Your assignment - Reproduce the records below exactly from their first line through the line containing "Shai Gilgeous-Alexander #18", omitting all pictures.

The data -
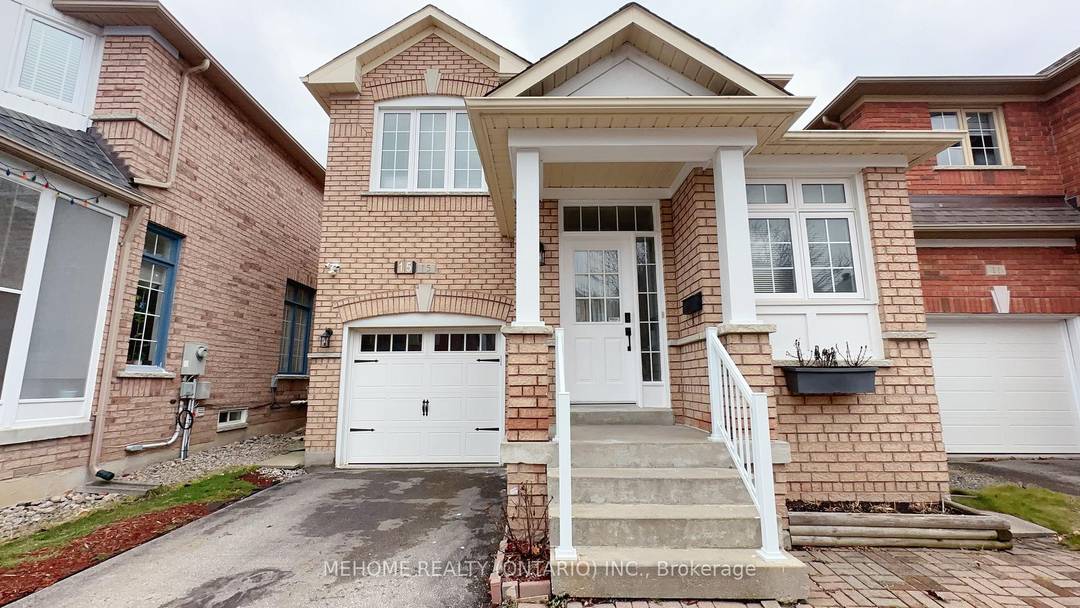 Beautifully Kept Madison Built Detached Home In The Highly Sought After Berczy Community.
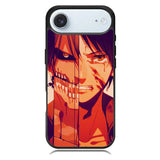 Attack on Titan Eren iPhone 17 Air Case OV1464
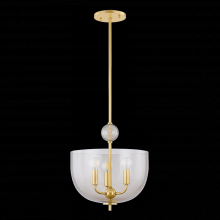 Mitzi Orange H907703-AGB - ARIANNE Lantern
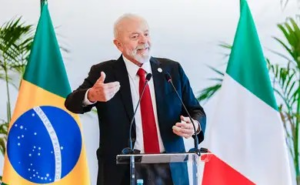 Brasil se recusa a assinar declaração de cúpula pela paz na Ucrânia
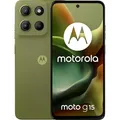 Produktbild: Motorola Moto G15 (256 GB, Iguana Green, 6.72
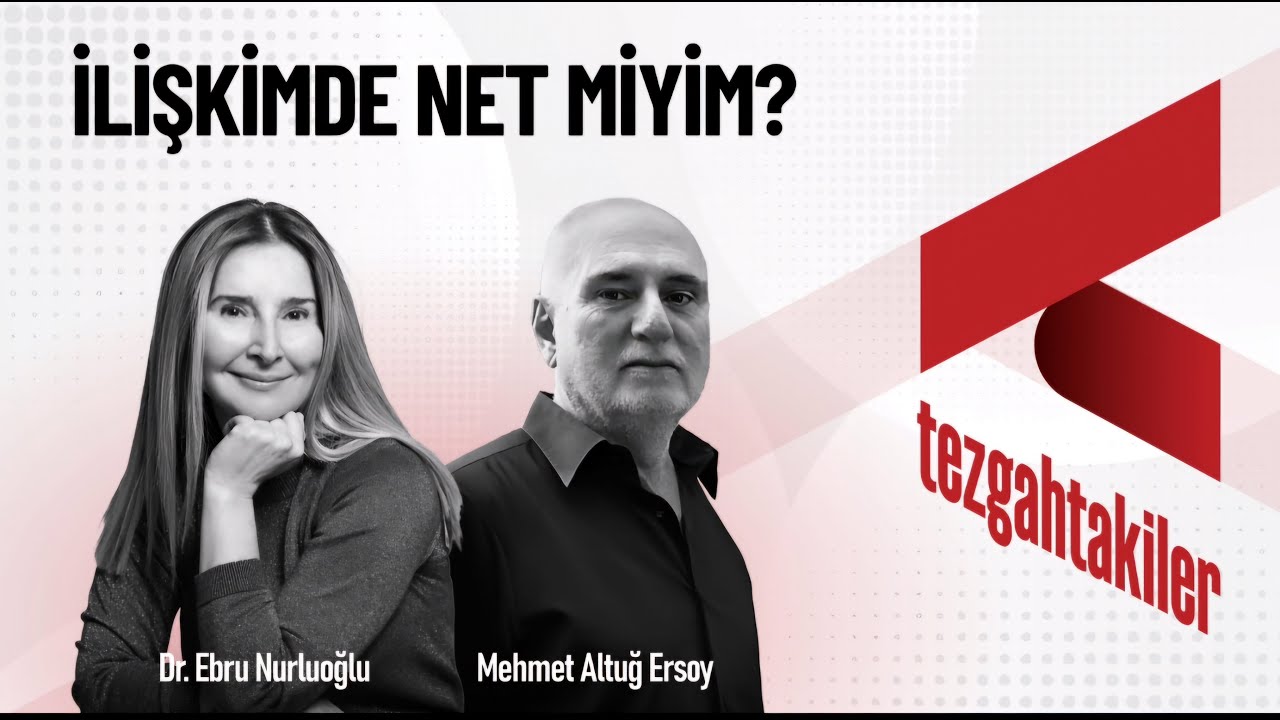 İLİŞKİMDE NET MİYİM? 13 #mehmetaltugersoy #ebrunurluoğlu #tezgahtakiler #HolidaysWithYoutube #aşk
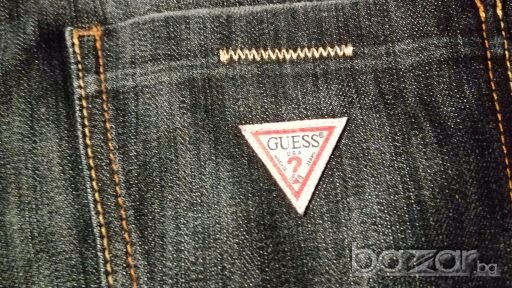 Guess оригинални дамски дънки 28 номер, снимка 3 - Дънки - 20290789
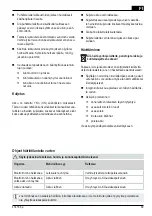 Preview for 89 page of AL-KO GS 3,7 Li Multi Cutter Instructions For Use Manual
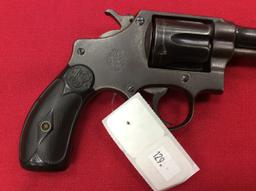 S&W .32 Long Revolver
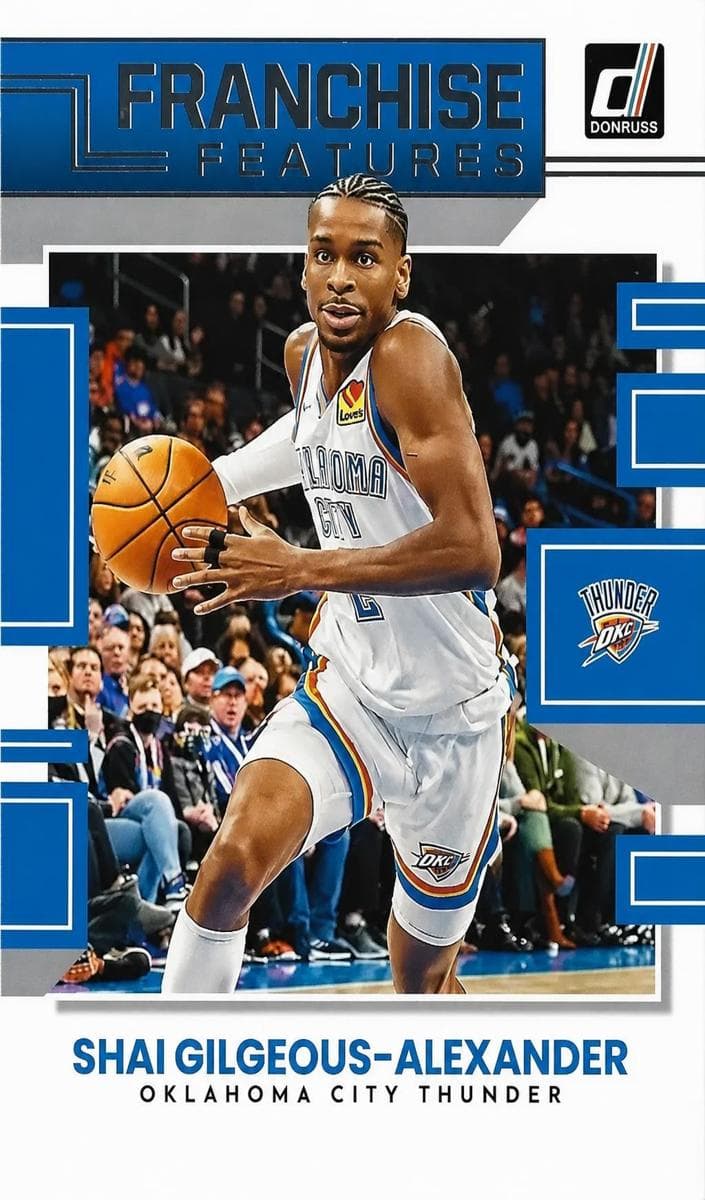 Shai Gilgeous-Alexander #18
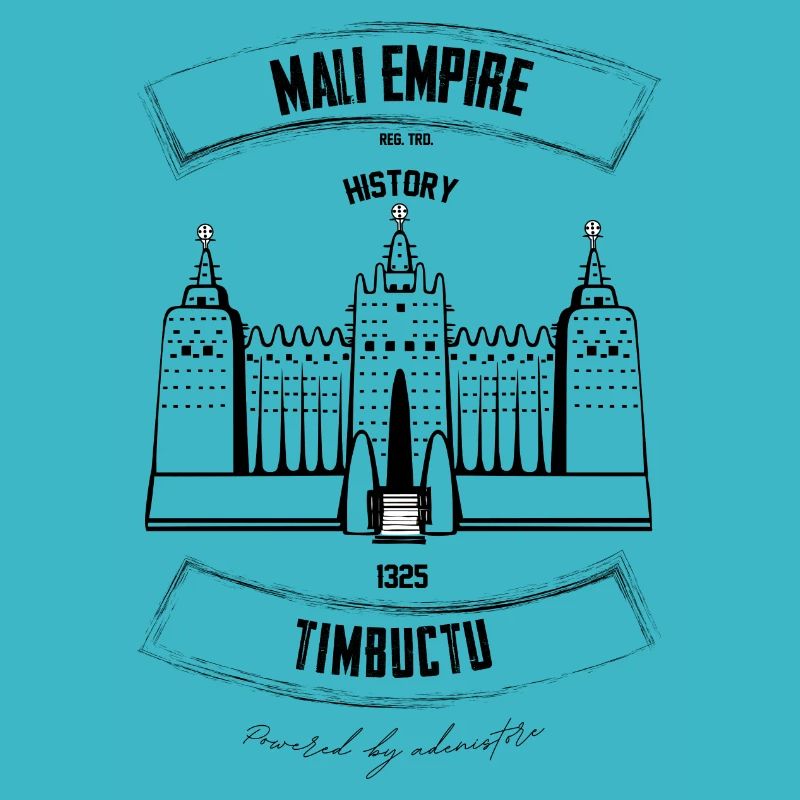 Mali Empire Noir et Blanc -Edition
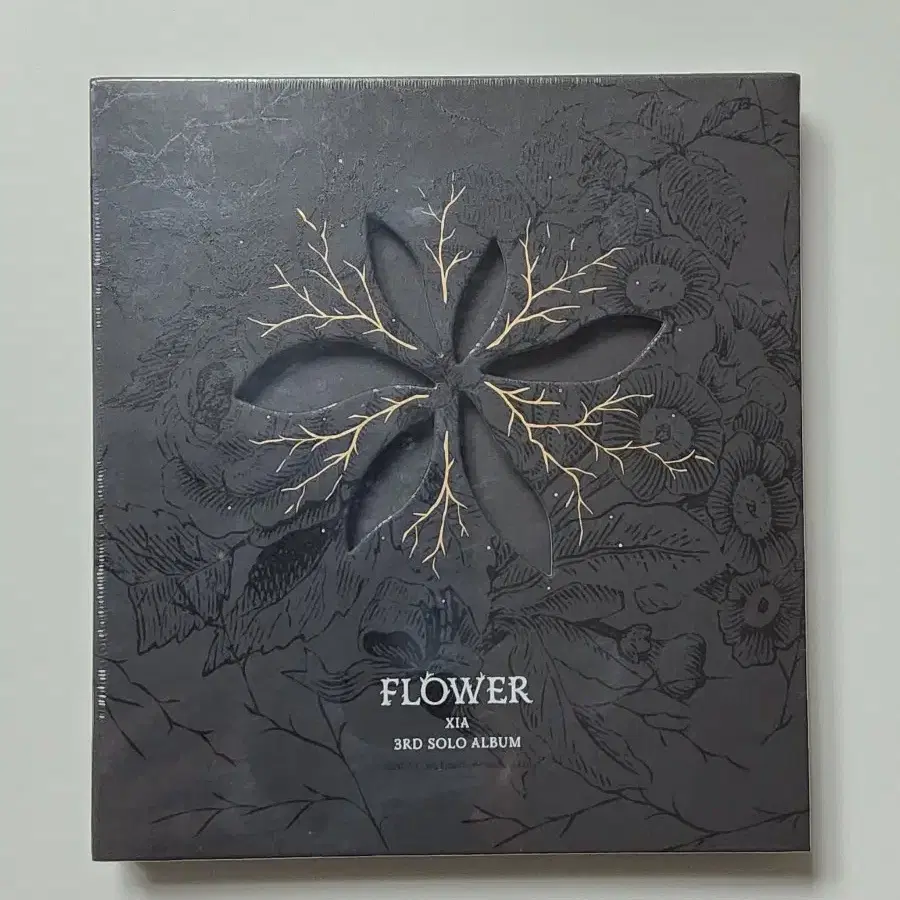 ミュージック XIA JUNSU /FLOWER 2015 XIA 3RD ASIA TOUR 2015 XIA 3rd ASIA TOUR CONCERT IN SEOUL 타이틀 곡 '꽃' 무대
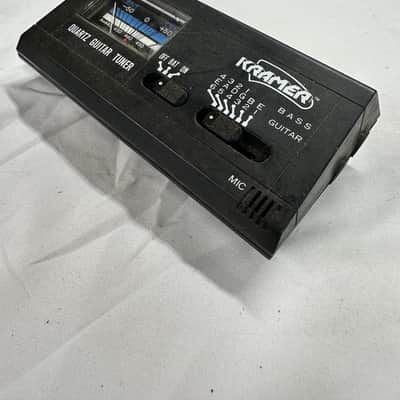 Kramer QUARTZ TUNER image 1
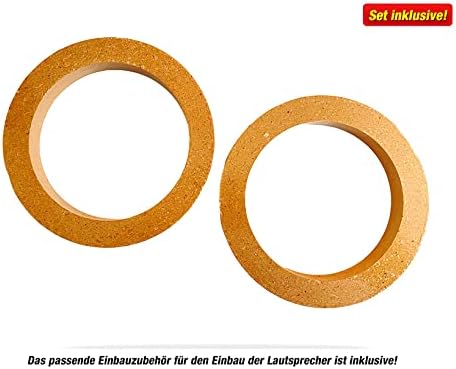 2-Wege Auto Lautsprecher Set für Suzuki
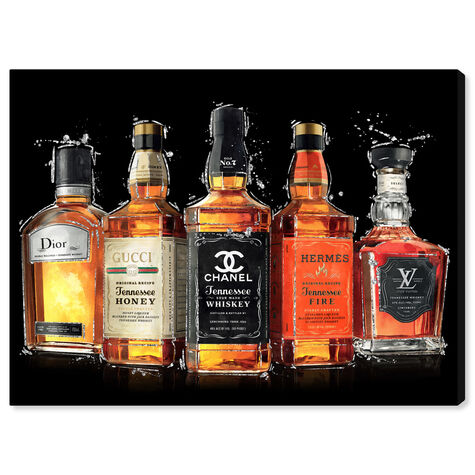 Fashion Whiskey Collection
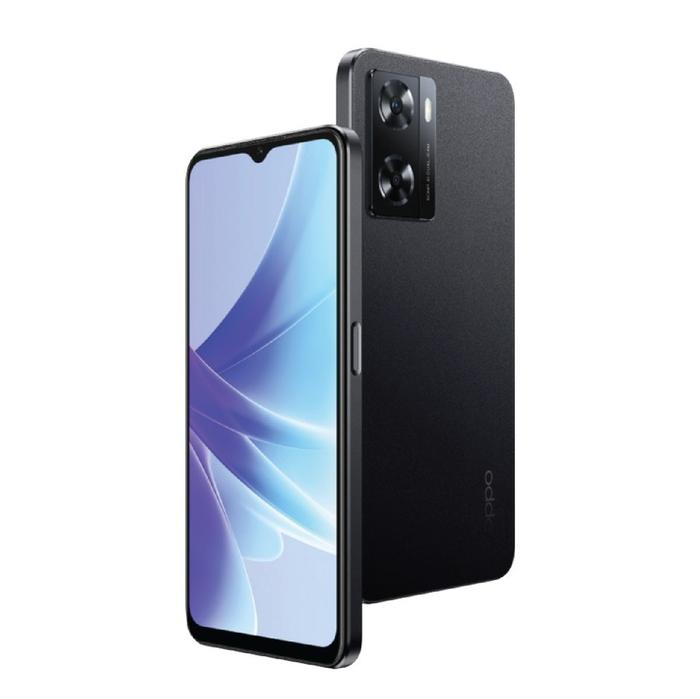 Gambar OPPO A77S 8/128GB Garansi Resmi Bukan A15S A53 A54 - Hitam dari Ucellcempaka undefined Tokopedia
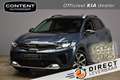 Kia Stonic 1.0 T-GDi MHEV 100pk GT-Line Blau - thumbnail 1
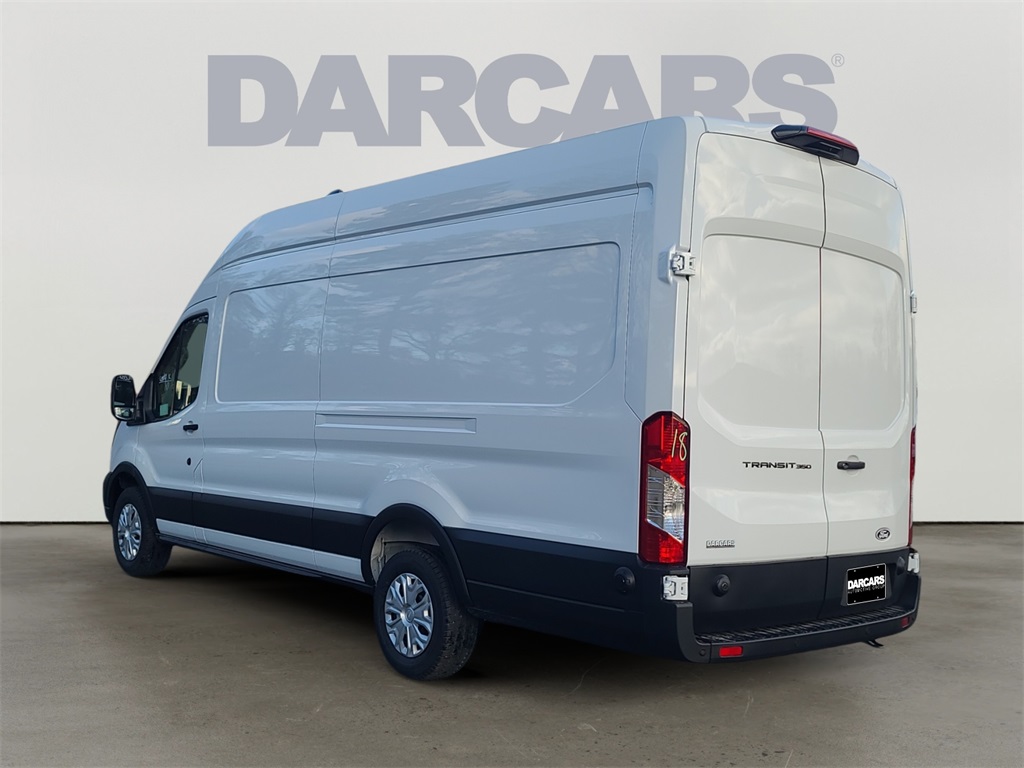 New 2026 Ford Transit 350 High Roof Empty Cargo Van - photo 5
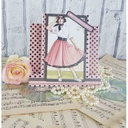 Cardmaking kit - Rock and Roll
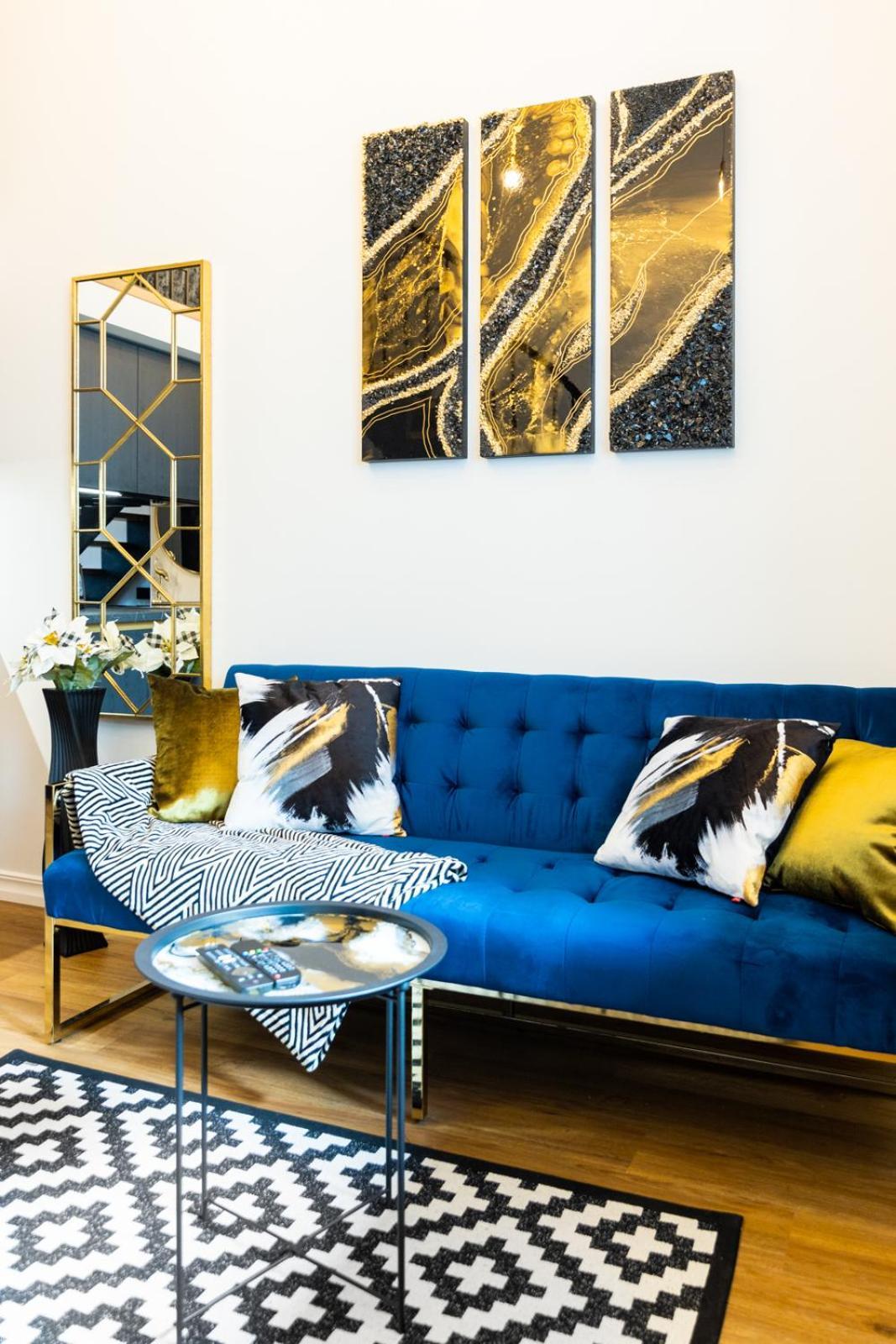 Golden In Center By Easyrentals * Tartu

Completed exercise -
 Beautifully Kept Madison Built Detached Home In The Highly Sought After Berczy Community.
 Attack on Titan Eren iPhone 17 Air Case OV1464
 Mitzi Orange H907703-AGB - ARIANNE Lantern
 Brasil se recusa a assinar declaração de cúpula pela paz na Ucrânia
 Produktbild: Motorola Moto G15 (256 GB, Iguana Green, 6.72
 İLİŞKİMDE NET MİYİM? 13 #mehmetaltugersoy #ebrunurluoğlu #tezgahtakiler #HolidaysWithYoutube #aşk
 Guess оригинални дамски дънки 28 номер, снимка 3 - Дънки - 20290789
 Preview for 89 page of AL-KO GS 3,7 Li Multi Cutter Instructions For Use Manual
 S&W .32 Long Revolver
 Shai Gilgeous-Alexander #18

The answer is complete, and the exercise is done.